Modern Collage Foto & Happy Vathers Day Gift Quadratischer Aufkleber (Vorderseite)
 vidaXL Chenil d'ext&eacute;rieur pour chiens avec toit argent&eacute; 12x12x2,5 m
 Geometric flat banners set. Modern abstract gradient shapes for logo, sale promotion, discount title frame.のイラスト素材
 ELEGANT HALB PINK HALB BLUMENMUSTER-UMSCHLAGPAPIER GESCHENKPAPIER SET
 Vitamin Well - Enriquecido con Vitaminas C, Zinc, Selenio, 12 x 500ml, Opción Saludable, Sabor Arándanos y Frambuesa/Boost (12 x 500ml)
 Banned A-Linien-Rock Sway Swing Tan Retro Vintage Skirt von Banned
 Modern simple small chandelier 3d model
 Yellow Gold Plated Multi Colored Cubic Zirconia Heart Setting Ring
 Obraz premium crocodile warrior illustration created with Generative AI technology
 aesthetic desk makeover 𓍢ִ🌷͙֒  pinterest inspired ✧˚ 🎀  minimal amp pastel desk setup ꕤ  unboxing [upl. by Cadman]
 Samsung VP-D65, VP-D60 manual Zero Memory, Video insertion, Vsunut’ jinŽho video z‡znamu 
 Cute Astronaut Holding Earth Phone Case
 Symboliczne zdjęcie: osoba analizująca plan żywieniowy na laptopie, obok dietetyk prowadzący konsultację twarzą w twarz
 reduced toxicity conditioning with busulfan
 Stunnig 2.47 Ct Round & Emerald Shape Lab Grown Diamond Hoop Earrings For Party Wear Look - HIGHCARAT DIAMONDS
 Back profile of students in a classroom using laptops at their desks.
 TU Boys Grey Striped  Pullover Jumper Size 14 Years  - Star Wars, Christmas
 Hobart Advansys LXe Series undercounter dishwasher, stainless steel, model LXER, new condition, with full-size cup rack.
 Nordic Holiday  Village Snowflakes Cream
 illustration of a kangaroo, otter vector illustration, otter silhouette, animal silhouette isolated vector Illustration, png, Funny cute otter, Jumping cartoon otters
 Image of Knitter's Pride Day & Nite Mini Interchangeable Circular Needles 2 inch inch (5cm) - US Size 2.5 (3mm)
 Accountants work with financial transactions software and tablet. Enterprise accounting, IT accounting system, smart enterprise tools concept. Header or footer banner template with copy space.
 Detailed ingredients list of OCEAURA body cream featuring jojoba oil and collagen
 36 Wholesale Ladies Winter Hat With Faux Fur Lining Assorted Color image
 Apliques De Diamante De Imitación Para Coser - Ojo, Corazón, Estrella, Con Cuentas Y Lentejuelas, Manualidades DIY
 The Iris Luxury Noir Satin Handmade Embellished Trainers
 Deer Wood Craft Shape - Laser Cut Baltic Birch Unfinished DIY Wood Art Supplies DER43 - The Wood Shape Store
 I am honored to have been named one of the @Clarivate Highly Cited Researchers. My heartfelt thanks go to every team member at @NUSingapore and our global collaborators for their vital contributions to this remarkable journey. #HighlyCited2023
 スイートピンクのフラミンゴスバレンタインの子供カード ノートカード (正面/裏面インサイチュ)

+ + + +

TASK GOAL
From the records above, transcribe without alteration every line from the one with "Obraz premium crocodile" to the one with "Hobart Advansys LXe", inclusive.

ANSWER TO THE EXERCISE
 Obraz premium crocodile warrior illustration created with Generative AI technology
 aesthetic desk makeover 𓍢ִ🌷͙֒  pinterest inspired ✧˚ 🎀  minimal amp pastel desk setup ꕤ  unboxing [upl. by Cadman]
 Samsung VP-D65, VP-D60 manual Zero Memory, Video insertion, Vsunut’ jinŽho video z‡znamu 
 Cute Astronaut Holding Earth Phone Case
 Symboliczne zdjęcie: osoba analizująca plan żywieniowy na laptopie, obok dietetyk prowadzący konsultację twarzą w twarz
 reduced toxicity conditioning with busulfan
 Stunnig 2.47 Ct Round & Emerald Shape Lab Grown Diamond Hoop Earrings For Party Wear Look - HIGHCARAT DIAMONDS
 Back profile of students in a classroom using laptops at their desks.
 TU Boys Grey Striped  Pullover Jumper Size 14 Years  - Star Wars, Christmas
 Hobart Advansys LXe Series undercounter dishwasher, stainless steel, model LXER, new condition, with full-size cup rack.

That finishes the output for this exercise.